王妃が救われてから、まだ数時間しか、経ってないと思うが…………、ここまで広がるのは、おかしすぎないか?)
「エルフ族は、皆、魔力の念話を使えます
それで情報を共有して、敵に備えたりしているのです」
俺が考えに更けていれば、突然、声がし、声のする方を見れば、若いエルフの騎士が立っていた
「失礼、貴方は?」
「私は、このフォレスティア騎士団、副長を務めます
【アント・ファーキンス】と申します
失礼ですが、ユーマ様でございますね?」
「あぁ、俺がユーマだ」
「この里には、不慣れでございましょうし、僭越ながら私が案内をさせていただきます」
「それは助かるが………、良いのか?
副長自らが案内などして?」
そう尋ねるとアントは、クスッと笑ってから城の方を見た
「今は、他の騎士達も休まれて、動ける者で警備などに回っております
それに騎士団長は、王妃様の傍におられますので」
「騎士団長…………、ネネの事か?」
俺が尋ねれば、アントは、頷いた
それにしても念話で状況を共有するって、言ってもこの信頼のされ方は、どうかと思うぞ?
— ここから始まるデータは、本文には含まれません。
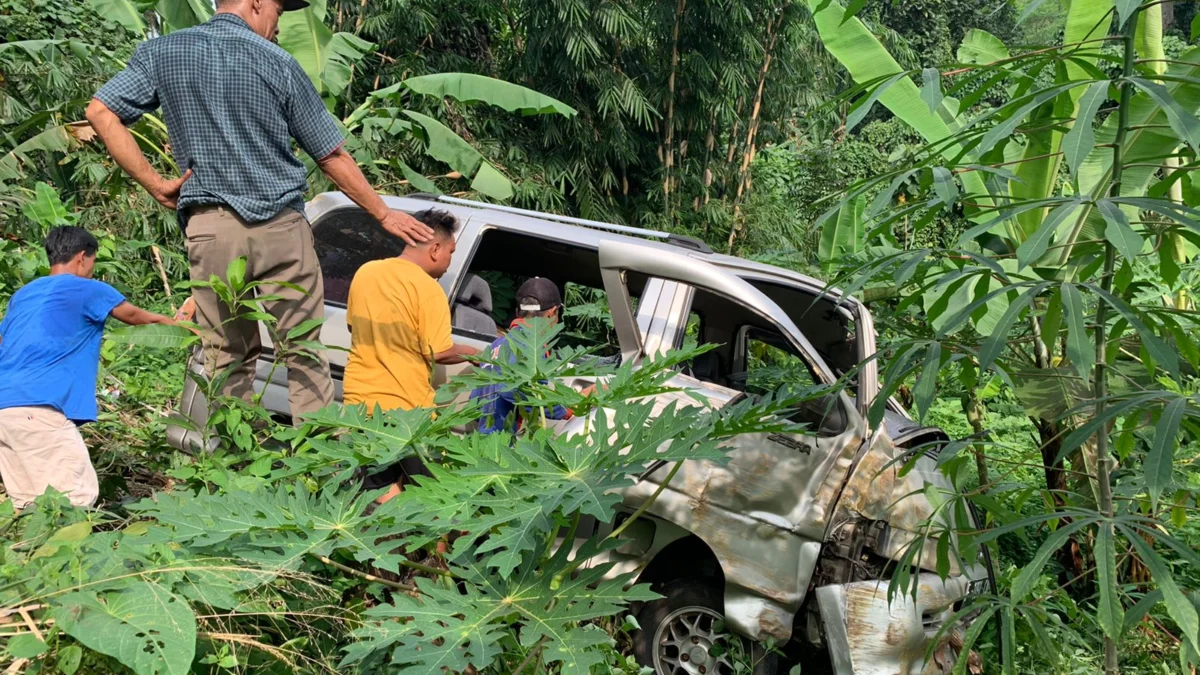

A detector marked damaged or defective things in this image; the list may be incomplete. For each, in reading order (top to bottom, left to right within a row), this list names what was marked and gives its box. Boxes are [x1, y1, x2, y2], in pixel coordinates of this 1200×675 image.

crashed minivan [169, 190, 993, 672]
まぁ、それは置いておいて、アントのご厚意に素直に甘えよう
「それじゃあ頼む」
「はい、それではユーマ様、それにアカツキ様
まずは、フォレスティアの産地をご紹介しましょう」
そう言い、アントが先導すれば、俺たちは、その後ろについて行く事にした
移動して行く中、すれ違うエルフの女性達が俺達を見てくるが………、気にしないでおこう………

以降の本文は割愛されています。